**INSTRUCTIONS FOR THE TASK:**
Beginning with the line that holds "China Smooth Welding", set down each line of the data below through the very last, exactly as given, and nothing beyond that.

(Items listed in a dataset)
════

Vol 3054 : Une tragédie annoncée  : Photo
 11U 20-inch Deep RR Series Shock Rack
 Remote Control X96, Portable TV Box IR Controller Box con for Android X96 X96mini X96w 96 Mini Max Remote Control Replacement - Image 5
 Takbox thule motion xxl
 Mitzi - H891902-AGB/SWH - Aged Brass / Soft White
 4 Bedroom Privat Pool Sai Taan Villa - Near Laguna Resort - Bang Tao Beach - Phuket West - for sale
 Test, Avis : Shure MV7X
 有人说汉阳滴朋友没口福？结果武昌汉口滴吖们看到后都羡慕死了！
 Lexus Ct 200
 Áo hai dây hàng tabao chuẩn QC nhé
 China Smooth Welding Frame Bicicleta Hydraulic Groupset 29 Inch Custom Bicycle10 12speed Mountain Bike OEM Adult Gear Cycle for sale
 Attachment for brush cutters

════

**ANSWER TO THE PROBLEM:**
 China Smooth Welding Frame Bicicleta Hydraulic Groupset 29 Inch Custom Bicycle10 12speed Mountain Bike OEM Adult Gear Cycle for sale
 Attachment for brush cutters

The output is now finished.